High-pass Chebyshev Type II filter convenience class.

This is a convenience class that creates a high-pass Chebyshev Type II filter by automatically setting btype=”highpass”. Provides clean passband with stopband ripple.

Parameters:

• cutoff (float) – Cutoff frequency in Hz. Frequencies below this are attenuated.

• order (int, default=4) – Filter order. Higher values provide steeper rolloff.

• ripple (float, default=0.1) – Minimum stopband attenuation in dB.

• fs (int | None, default=None) – Sampling frequency in Hz.

Examples

>>> import torchfx as fx
>>> hpf = fx.filter.HiChebyshev2(cutoff=100, order=4, ripple=40, fs=44100)
>>> wave = fx.Wave.from_file("audio.wav")
>>> filtered = wave | hpf

See also

Chebyshev2

Base Chebyshev Type II filter class

LoChebyshev2

Low-pass variant

class torchfx.filter.LoChebyshev2(cutoff, order=4, ripple=0.1, fs=None)

Bases: Chebyshev2

Low-pass Chebyshev Type II filter convenience class.

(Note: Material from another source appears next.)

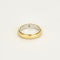Bague 55,5 Bague en or jaune, or blanc et diamant 58 Facettes SOI3496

This is a convenience class that creates a low-pass Chebyshev Type II filter by automatically setting btype=”lowpass”. Provides clean passband with stopband ripple.

Parameters:

• cutoff (float) – Cutoff frequency in Hz. Frequencies above this are attenuated.

• order (int, default=4) – Filter order. Higher values provide steeper rolloff.

• ripple (float, default=0.1) – Minimum stopband attenuation in dB.

• fs (int | None, default=None) – Sampling frequency in Hz.

Examples

>>> import torchfx as fx
>>> lpf = fx.filter.LoChebyshev2(cutoff=5000, order=4, ripple=40, fs=44100)
>>> wave = fx.Wave.from_file("audio.wav")
>>> filtered = wave | lpf

See also

Chebyshev2

Base Chebyshev Type II filter class

HiChebyshev2

High-pass variant

Elliptic

class torchfx.filter.Elliptic(btype, cutoff, order=4, passband_ripple=0.1, stopband_attenuation=40, fs=None)

Bases: IIR

Elliptic (Cauer) filter with optimal transition bandwidth.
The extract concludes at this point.